While marriage is being deeply focused on, experimentation with gender roles has led to serials like Qatil by Sarmad Khoosat on Aaj TV, where Sania Saeed played an investigative officer in a governmental crime solving agency. A sharp diversion from the norm, Sania was cast as a gun-toting officer, clad in jeans, heading a murder investigation. There was also the hailed series Pas-e-Aina, with Rubina Ashraf cast as a police officer. These two productions tried to give a new dimension to the careers of women on TV, instead of the oft-repeated portrayal of the woman as a teacher/doctor/secretary/businesswoman.
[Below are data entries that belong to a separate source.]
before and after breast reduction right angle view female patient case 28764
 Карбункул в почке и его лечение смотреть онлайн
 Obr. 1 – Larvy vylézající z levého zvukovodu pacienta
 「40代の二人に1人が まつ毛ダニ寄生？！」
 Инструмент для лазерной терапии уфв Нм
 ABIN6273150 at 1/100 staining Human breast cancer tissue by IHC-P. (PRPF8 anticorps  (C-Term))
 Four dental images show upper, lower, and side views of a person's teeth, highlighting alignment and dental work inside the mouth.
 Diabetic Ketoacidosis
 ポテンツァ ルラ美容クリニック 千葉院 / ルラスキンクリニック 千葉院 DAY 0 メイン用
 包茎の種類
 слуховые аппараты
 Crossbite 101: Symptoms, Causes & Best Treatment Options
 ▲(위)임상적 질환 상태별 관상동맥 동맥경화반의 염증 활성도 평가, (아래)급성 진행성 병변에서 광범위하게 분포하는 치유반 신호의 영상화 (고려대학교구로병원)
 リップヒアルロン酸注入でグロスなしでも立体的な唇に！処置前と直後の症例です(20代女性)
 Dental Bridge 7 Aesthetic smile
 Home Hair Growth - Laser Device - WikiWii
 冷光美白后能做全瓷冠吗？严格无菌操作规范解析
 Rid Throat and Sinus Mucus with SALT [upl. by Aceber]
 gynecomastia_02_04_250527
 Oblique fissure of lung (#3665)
The issue of monitoring how women are portrayed in the media is a complicated one. It involves bringing about a change in the stereotypical representation of women that reflect a patriarchal mindset. Images of women are deeply rooted in traditional social practices that help the media in constructing these representations. The Pakistani woman has a long way to go and the journey isn’t easy by any standards. In Tasneem Ahmar’s words: “There is a need to develop alternative (gender-neutral and non-sexist) concepts, approaches and strategies for women’s development for use by male and female media personnel to enable them to understand, recognise and acknowledge the multi-dimensional roles played by women in society. Everyone involved must play a part in maintaining a responsive environment in which social responsibilities are acknowledged and a genuine discourse on women-related issues is created.”